Task prompt — After locating the line with "Cầu động chạy liên tục trong 3 ngày đến 30/6 Cầu" in the entries below, output it and each following line up to and including the line with "learning-platforms-tools-in-the-middle-east", exactly and without pictures.

Source data —
*** Block opens ***

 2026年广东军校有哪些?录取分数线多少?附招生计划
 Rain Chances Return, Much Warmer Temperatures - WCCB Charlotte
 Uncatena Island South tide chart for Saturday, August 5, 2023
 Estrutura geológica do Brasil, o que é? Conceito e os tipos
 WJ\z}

*** Block closes ***
*** Block opens ***

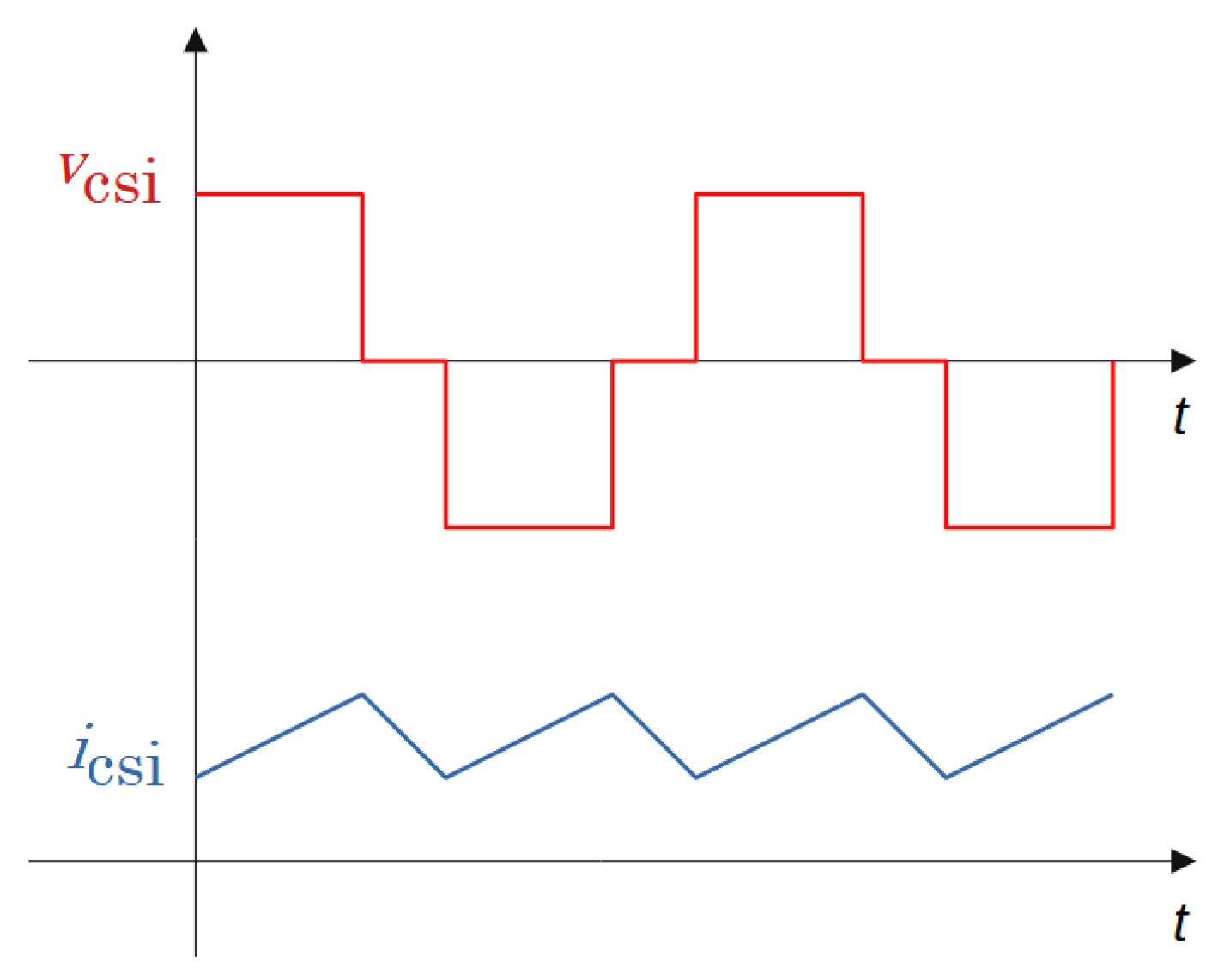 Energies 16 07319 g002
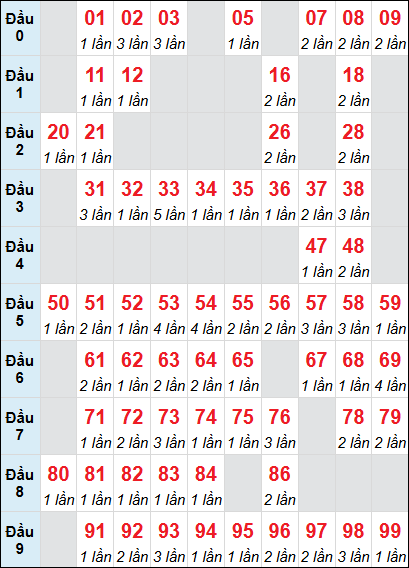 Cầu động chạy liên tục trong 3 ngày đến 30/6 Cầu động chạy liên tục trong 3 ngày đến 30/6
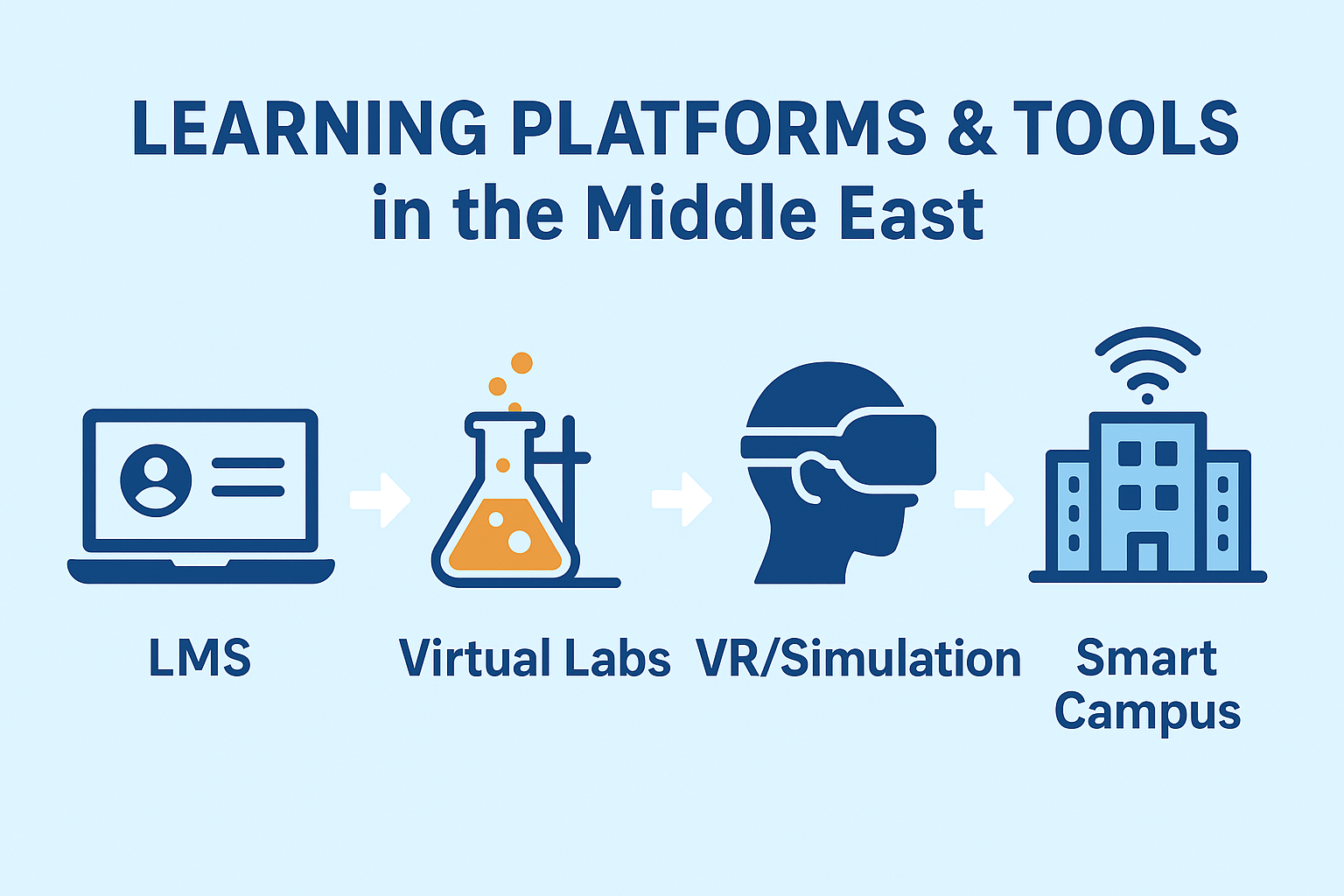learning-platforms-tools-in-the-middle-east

*** Block closes ***

Reply to the task —
 Cầu động chạy liên tục trong 3 ngày đến 30/6 Cầu động chạy liên tục trong 3 ngày đến 30/6
learning-platforms-tools-in-the-middle-east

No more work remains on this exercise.